When I'm not depressed, I draw strength and beauty from depression; when I am depressed, I find no such things.

I loathe having a fragile brain and knowing as I make any plan that I should provide for the possibility that my mind may betray me at short notice.

As a little kid in the late 1960s, I was afraid of the world. Even if I didn't get caught in the draft that was sending American teenagers to Vietnam, there was always the possibility of a Soviet nuclear attack. I made constant escape plans and imagined a life going from port to port.

Fortunately for me, my mother loved travel. Our first non-beach family trip abroad - to England, France, and Switzerland - came when I was 11, and thereafter, we often tagged along on my father's European business trips.

Travel is an exercise partly in broadening yourself and partly in defining your own limits.

I started traveling out of curiosity, but I have come to believe in travel's political importance, that encouraging a nation's citizenry to travel may be as important as encouraging school attendance, environmental conservation, or national thrift. You cannot understand the otherness of places you have not encountered.

We think that fear must be played out in fight, with military intervention, or in flight, via isolationism - but we are not hunted game, and those are not the only options. There is also the possibility of acceptance, with its corollary of understanding and its ultimate manifestation in embracing.

Just as Chairman Mao and Joseph Stalin started by going after the intellectuals, against those whose words who might form an opposition to them, so Trump has gone across us. Free speech is first among equals when we look at what is being violated by this new regime.
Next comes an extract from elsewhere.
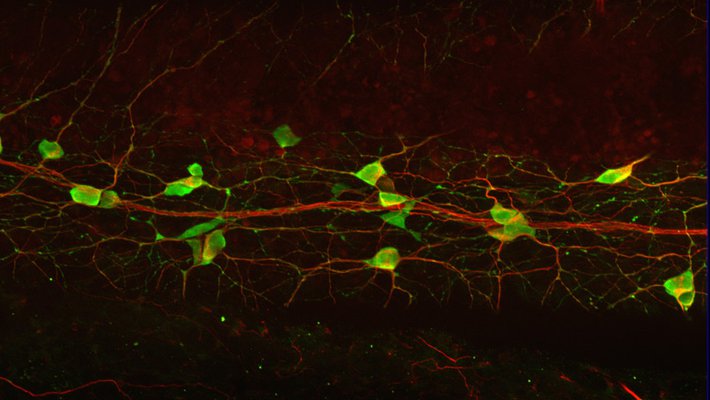A side view of the lamprey gut, showing many large serotonergic neurons (green) sitting on the side of the gut.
With the removal of questions about gayness and transgender status in the Census, we really stand to lose a lot of the progress that has been made, and certainly not to make further progress. In order to have a fair system, you need a system you can measure.

Nowadays, people often ask me when I came out, generalising from the experience of many young people who announce themselves to the world on a particular afternoon. But I did not divorce my reticence in a single sharp break. Rather, I seeped out like a spreading wine stain.

The problem is that even as you reveal the mysteries in your past, you are accumulating them in the present; complete honesty is the stuff of post-mortem, not autobiography.

No one much wants to be belittled, but we tolerate slurs surprisingly often for ourselves; for our lionised children, we demand freedom from insult.

People still ask my husband and me which of us is the mom - which, as one lesbian friend pointed out to me, is like asking which chopstick is the fork. This pressure on us to embody normative traditions can be paralysing.

We need to acknowledge that families come in multiple shapes and sizes, that love is not a finite asset, and that caregiving involves more than a genetic imperative.